South Korea’s three major shipbuilders — Hyundai Heavy Industries, Samsung Heavy Industries and Daewoo Shipbuilding & Marine Engineering — bagged a combined US$7.53 billion worth of orders as of end-May, which meets only 23.5 percent of their annual order target of $32 billion, according to industry data.
Top player Hyundai Heavy, including its small affiliates Hyundai Samho Heavy Industries and Hyundai Mipo Dockyard, has so far bagged $2.5 billion worth of orders, achieving only 15.7 percent of its annual target of $15.9 billion.
Samsung Heavy clinched $2.53 billion worth of orders, meeting 32.4 percent of its annual target, while Daewoo Shipbuilding secured $2.5 billion worth of orders, which accounts for 29.8 percent of its annual target.
Industry observers said that it isn’t likely that local shipbuilders can pick up the pace as global shippers are lumbering in placing orders for new vessels amid global trade woes.
“Since the trade war between the United States and China appears to be going longer than expected, global shipbuilding orders are declining,” said Lee Bong-jin, an analyst at Hanwha Investment & Securities Co. “Even if the two sides strike a deal this month, it’s not likely that global shipbuilding orders will quickly surge.”
According to London-based Clarkson Research Services Ltd., the world’s leading provider of data for the shipping and shipbuilding industries, global shipbuilding orders in the first four months of the year amounted to 7.69 million compensated gross tons (CGTs), a 36.8 percent drop compared with the same period in 2018.
In April alone, global shipbuilding orders totaled 1.21 million CGTs, which was more than halved from 2.88 million CGTs in March.
Market watchers are now downgrading their 2019 shipbuilding order outlook. Hanwha Investment & Securities said it has trimmed its estimate of global shipbuilding orders from 41 million CGTs to 28 million CGTs.
Clarkson also cut its 2019 outlook to 30.4 million CGTs in March, down from its earlier projection of 34.44 million CGTs in the beginning of the year.
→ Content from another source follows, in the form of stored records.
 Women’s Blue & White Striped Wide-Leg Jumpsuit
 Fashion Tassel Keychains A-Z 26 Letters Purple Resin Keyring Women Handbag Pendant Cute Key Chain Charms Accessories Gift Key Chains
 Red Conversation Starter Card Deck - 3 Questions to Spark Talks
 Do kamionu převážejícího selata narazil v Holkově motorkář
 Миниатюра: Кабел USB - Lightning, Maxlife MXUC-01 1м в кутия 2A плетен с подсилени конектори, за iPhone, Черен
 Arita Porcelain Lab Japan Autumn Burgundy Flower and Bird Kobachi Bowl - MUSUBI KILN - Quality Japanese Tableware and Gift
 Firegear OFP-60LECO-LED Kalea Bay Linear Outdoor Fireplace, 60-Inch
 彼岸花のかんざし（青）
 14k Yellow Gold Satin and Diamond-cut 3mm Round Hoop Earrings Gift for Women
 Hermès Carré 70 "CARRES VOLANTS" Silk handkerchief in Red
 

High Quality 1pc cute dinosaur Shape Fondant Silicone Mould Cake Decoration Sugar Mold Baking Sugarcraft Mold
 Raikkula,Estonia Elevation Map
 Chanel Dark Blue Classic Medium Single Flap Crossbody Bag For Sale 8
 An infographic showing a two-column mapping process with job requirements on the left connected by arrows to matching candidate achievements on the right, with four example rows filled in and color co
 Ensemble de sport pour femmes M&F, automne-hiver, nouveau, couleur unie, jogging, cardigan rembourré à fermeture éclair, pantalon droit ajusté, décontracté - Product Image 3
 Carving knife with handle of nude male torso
South Korean shipyards are also struggling to get ahead of their Chinese rivals.
In the first four months of the year, South Korean shipyards bagged orders totaling 2.02 million CGTs or 45 vessels, to finish second in winning new orders. China topped the list with 3.44 million CGTs, or 140 ships, according to Clarkson data.
While Chinese shipbuilders rely on making low-end ships, such as bulk carriers, South Korean shipyards have been focusing on building high-end ones, such as liquefied natural gas (LNG) carriers.
South Korean shipbuilders originally expected orders for some 100 LNG carriers would be placed this year on the back of gas development projects from Qatar, Mozambique and Russia.
However, with rising concerns over global economy uncertainties, industry observers are also trimming the outlook for LNG vessel orders.
Last year, Clarkson expected that 69 LNG shipbuilding orders would be issued in 2019, but that projection has now declined to 55.
But some analysts said that the outlook is not too gloomy for South Korean shipbuilders for the long haul, saying if LNG vessel orders do not come in this year, they will next year.
“It’s not that South Korean companies have lost competitiveness in shipbuilding,” said Kim Hyun, an analyst at Meritz Securities Co. “I see the recent slump as temporarily. South Korean builders may lag behind Chinese players in terms of order amounts, but quality-wise, they are firmly No. 1 in LNG vessels.”
Industry insiders said it is important for the local shipbuilders to maintain their productivity before winning orders. Since last month, labor unions at Hyundai Heavy and Daewoo Shipbuilding have been launching strikes to oppose the planned merger between the two companies.
“If industrial actions from the union affect the delivery of our ships, it’ll heavily damage our reputation,” a Hyundai Heavy spokesman said. “Regardless, we’ll keep working hard to win orders.”